The Brewers are missing three of their projected five starting pitchers due to injuries, so relief pitcher Tyler Alexander was a stand-in.
And what a stand-in he was. He pitched 5 2/3 innings of hitless, runless innings.
Reds starter Nick Martinez struggled with command all night and held the Brewers to one run and two hits through four innings.
But he was running on empty in the fifth and gave up a double to No. 8 hitter Garrett Mitchell and a 418-foot two-run home run to leadoff hitter Brice Turang and it was 3-0.
When Jackson Chourio followed Turang’s homer with a single, Martinez was finished at 92 pitches.

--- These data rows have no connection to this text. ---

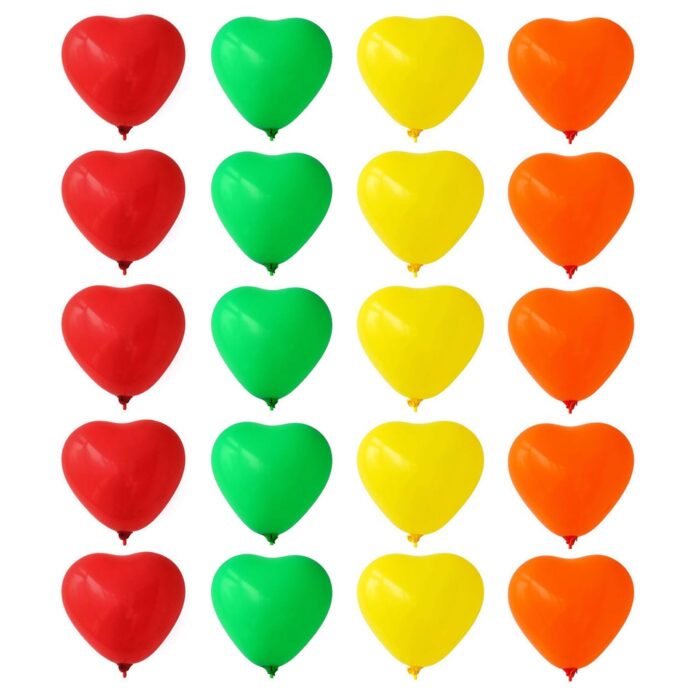 Heart shaped balloons Kinds of Rainbow Party Latex Balloons for Birthday / Anniversary / Valentine's / Wedding / Engagement Party Decoration Multicolor (20 Pcs Set) - Image 4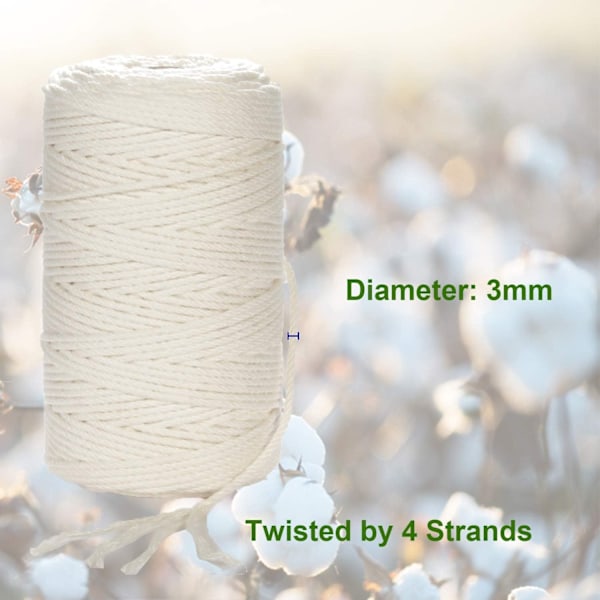 Makramé Garn 3mm x 220m (ca 200m) Mjukt Obehandlat 100% Naturligt Bomullsrep för Växtväggboningar, Beige-Perfekt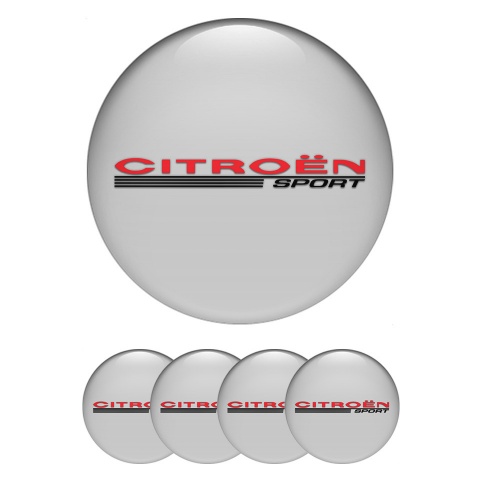Citroen Emblems for Center Wheel Caps Grey Red Sport Design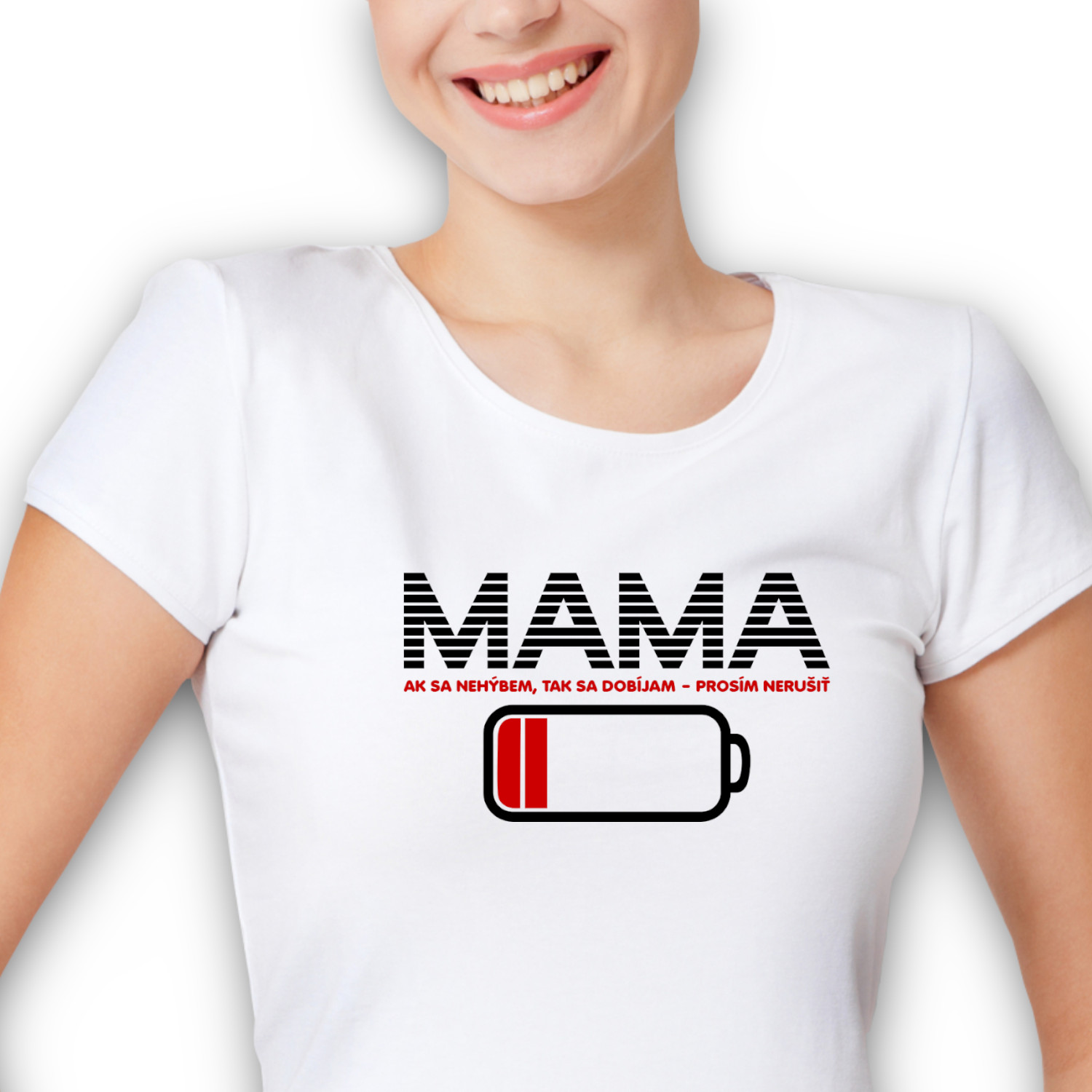 "MAMA SA DOBÍJA" - dámske tričko biele XXL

“They made him work,” said Benavides. “He was behind in counts a little bit. But he battled, made some pitches, kept us in the game. He made a mistake, a cutter I think it was, and Turang hit it out of the ball park.”
Martinez concurred.
“Mostly I was battling myself out there tonight,” said Martinez. “I couldn’t get into a rhythm and I was falling behind guys. I was gassed, ran out of gas in the fifth inning.”
But the Reds’ bullpen picked him up — Graham Ashcraft, Taylor Rogers, Brent Suter and Tony Santillan held the Brewers to no runs and no hits over the final 3 1/3 innings.
That gave the Reds a chance, even though they didn’t have a hit until Gavin Lux singled with two outs in the seventh, but their scoreless streak stretched to 35 innings.
The Reds had an opportunity in the second when with one out Alexander walked Jeimer Candelario and hit Blake Dunn with a pitch.
But both Lux and Santiago Espinal popped to the second baseman.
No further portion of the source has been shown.